Дабы удостовериться, что память его не подвела, он немедленно позвонил другу, который был с ним тогда в монастыре. Тот все подтвердил, уточнив, что сделавший доверительное признание "брат" был внуком писателя Николы Мизази. Но так как Нистико — журналист, то друг предположил, что его интересует нечто обсуждавшееся не столь давно, нечто более актуальное, чем след ученого, о котором говорил тридцать лет назад внук Мизази. И потому он добавил, что, по непроверенным слухам, в монастыре — в том самом — находился или находится до сих пор член экипажа самолета В-29, сбросившего атомную бомбу на Хиросиму.
Савинио [22]говорил, что не сомневается: Шлиман 41обнаружил руины именно Трои — судя по тому, что в первую мировую войну их обстрелял английский эсминец "Агамемнон". Разве стали бы орудия вести огонь по развалинам среди степей, не передайся им неослабевающий гнев Агамемнона 42? Имена — это не только рок, они — все равно что их обладатели.
"Абсурд и тайна во всем, Хасинта", — говорит испанский поэт Хосе Морено Вилья [23]. Однако во всем, наоборот, — "рациональная" тайна сущностей и соответствий, сплошное тесное переплетение — от точки к точке, от вещи к вещи, от человека к человеку — смыслов: едва видимых, едва выразимых. В тот момент, когда Нистико сообщал нам неожиданную, непредвиденную, невероятную новость, которую открыл ему далекий голос друга, мы пережили опыт откровения, опыт метафизический, опыт мистический: мы испытали идущую не от разума и, однако же, рациональную уверенность в том, что схождение в одном месте двух этих призрачных фактов — независимо от того, соответствуют ли они фактам реальным и поддающимся проверке, — непременно имеет какой-то смысл.

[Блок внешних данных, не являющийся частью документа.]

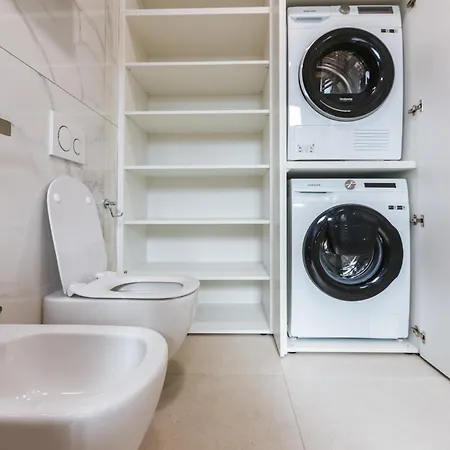 Hirundo- With Saunas And Hot Tub Villa *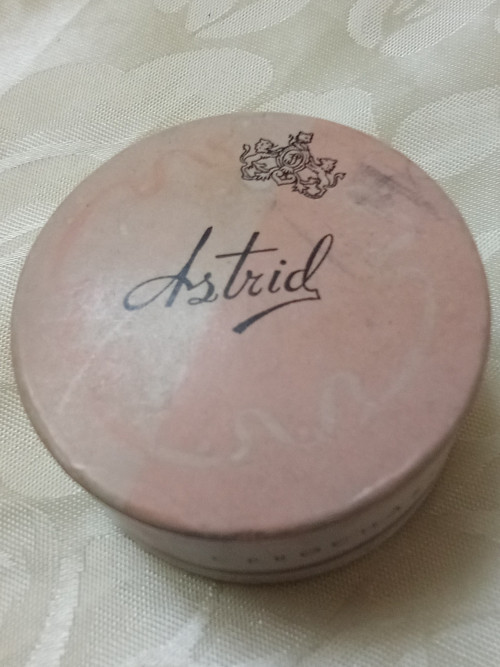 Astrid pudr — foto 1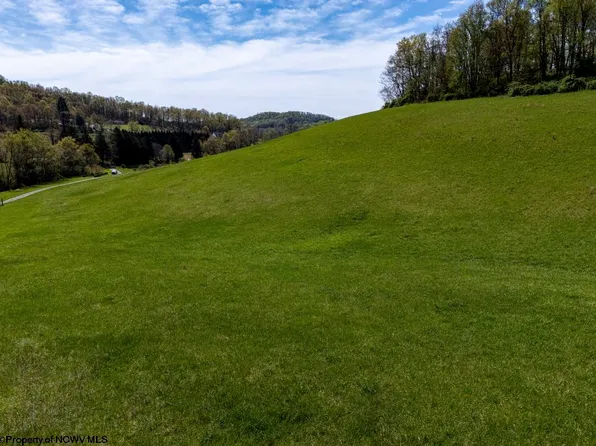 3 Lynch Rd, Morgantown, WV 26501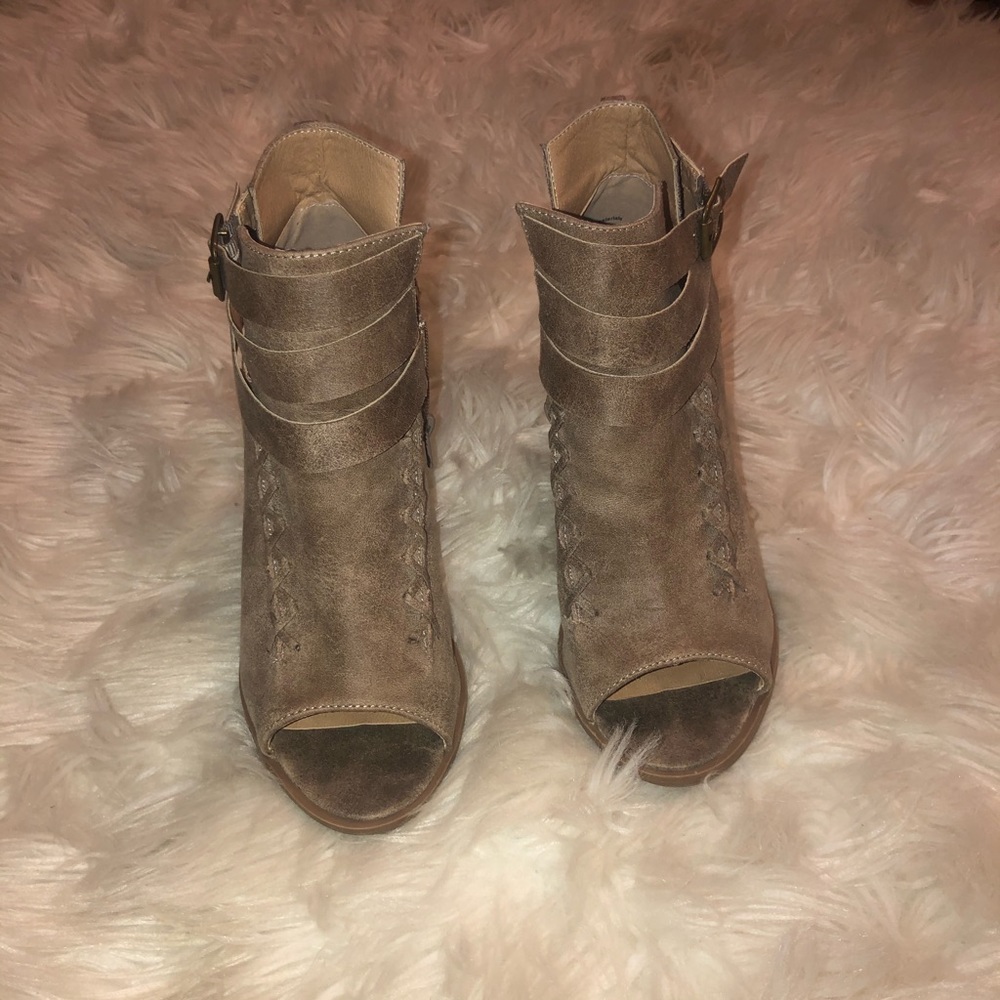 Brown Booties - Picture 2 of 6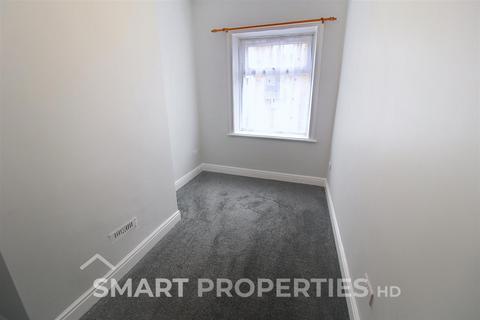 2 bedroom end of terrace house to rent, Oak Terrace, Fartown Green Road, Huddersfield HD2
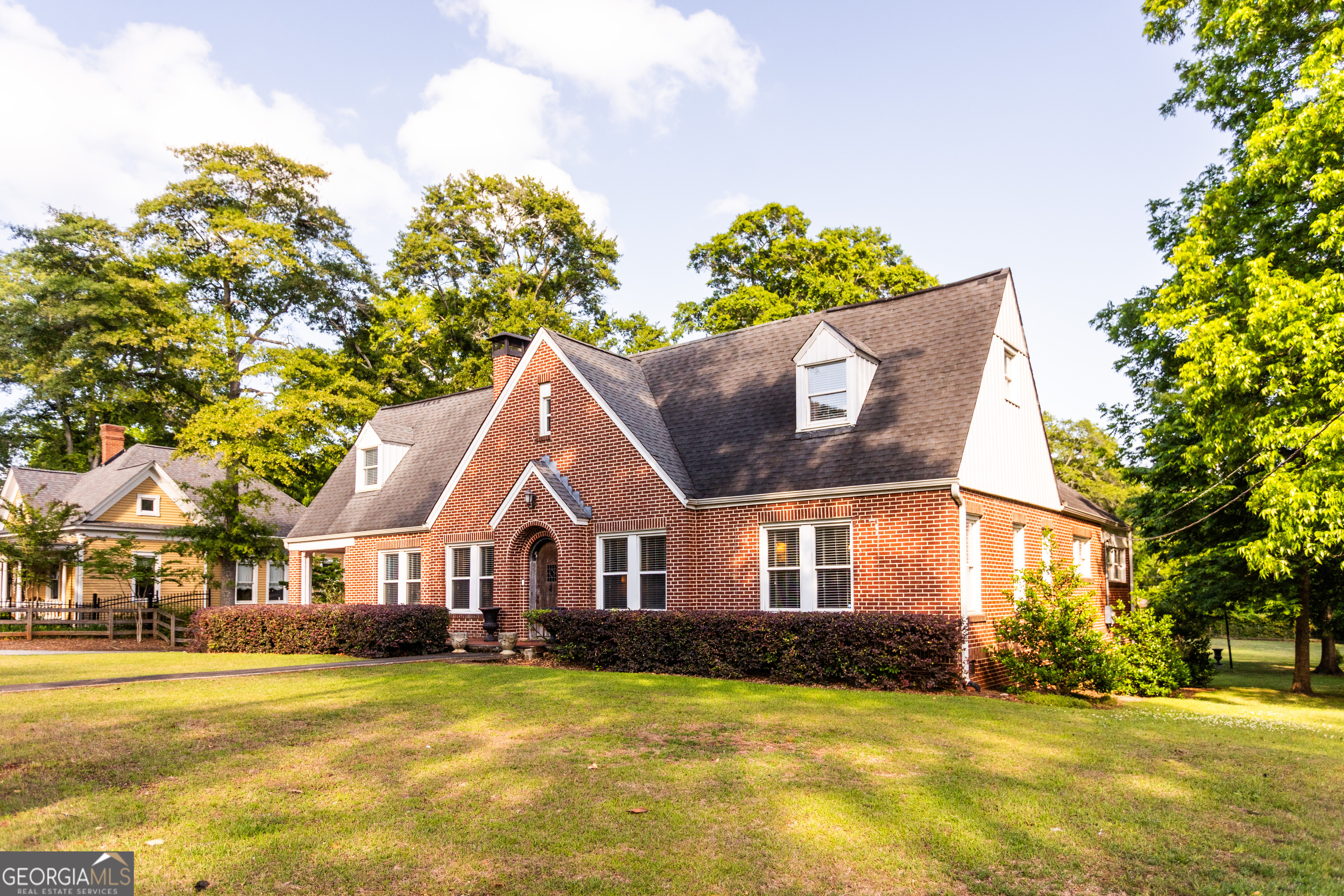 346 N Cherokee RD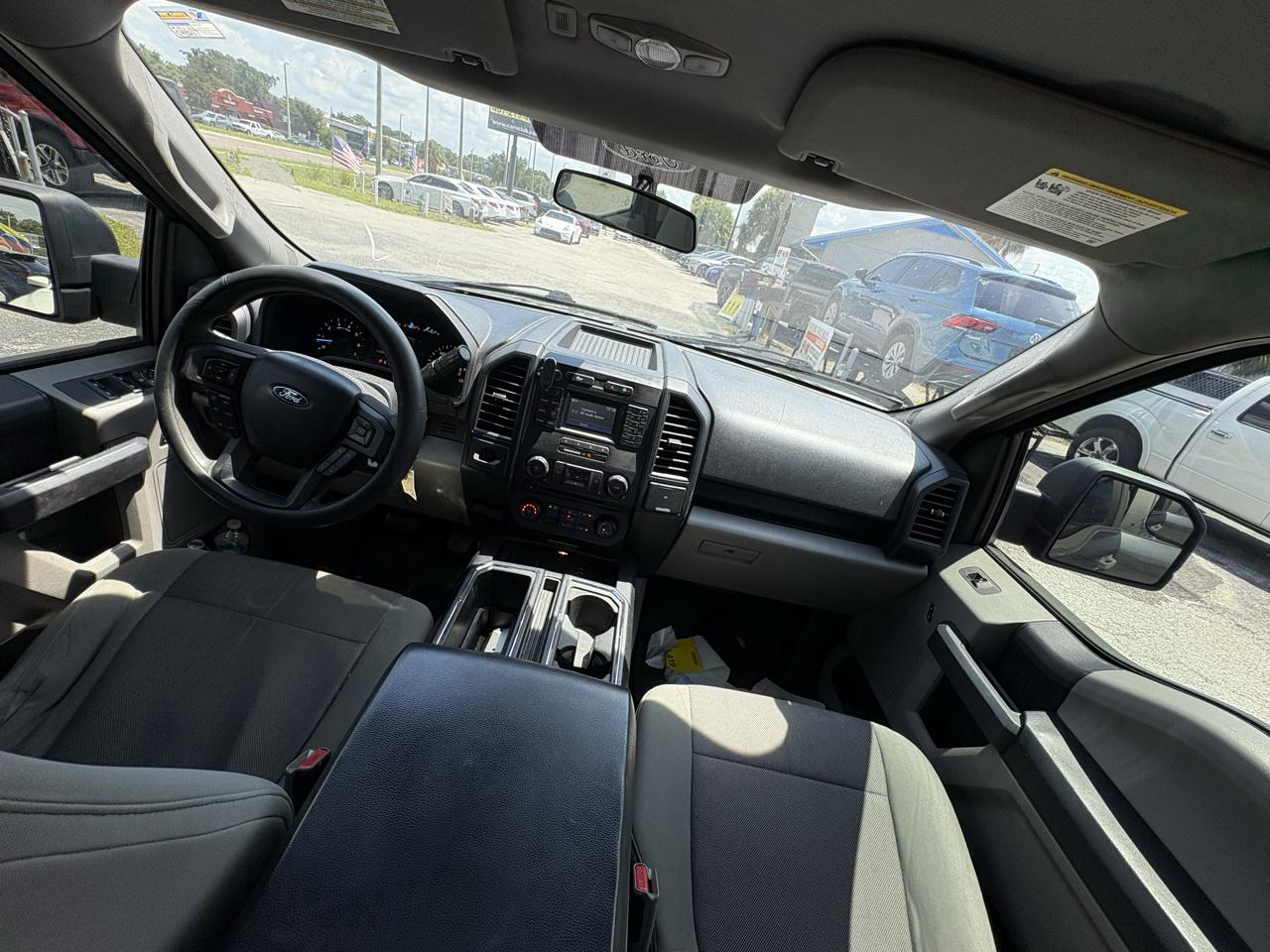 Ford F-150 2WD SuperCrew 157" Lariat 2016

Подозрение Нистико, что "большим ученым", о котором тридцать лет назад сообщил ему "брат Мизази", мог быть Майорана, и слухи о том, что в этот же монастырь приезжал, а может быть, находится там до сих пор американский офицер, снедаемый угрызениями совести оттого, что он был командиром или членом экипажа рокового самолета, — могли ли они не быть связаны, друг в друге не отражаться, друг друга не объяснять, не восприниматься как откровение?
Но сейчас, следуя за монахом по коридорам, лестницам и кельям, мы не испытываем желания задавать вопросы и заниматься проверкой. Мы чувствуем себя сопричастными тайне, которая должна остаться тайной. Иногда мы о чем-нибудь спрашиваем, но лишь когда монах оборачивается и испытующе на нас смотрит. Он ждет вопросов — все с тем же ясным взглядом, в котором просвечивают недоверие и ирония. Есть ли в монастыре американцы? Нет, сейчас нет; был один, прожил два года. А потом вообще вышел из ордена, склонны заключить мы, судя по тому, что он говорит об американцах: сначала горят желанием приобщиться к такой жизни, потом раздражаются, теряют терпение. О том, что среди монахов ученых быть не может, он уже сказал, предупредив наш вопрос. А бывший ученый, бывший писатель или художник? Чуть улыбаясь, он разводит руками. И вот мы на кладбище: тридцать холмиков из красноватой земли, напоминающих формой крышки саркофагов; над каждым — черный деревянный крест. Имен нет. Умершего "отца" или "брата" кладут рядом с тем, после похорон которого минул наибольший срок. На третьем холмике слева — цветы: там был погребен настоятель, скончавшийся несколько месяцев назад. Кто уйдет из жизни следующим, ляжет под четвертый, рядом с тем, кто покоится в земле более тридцати лет.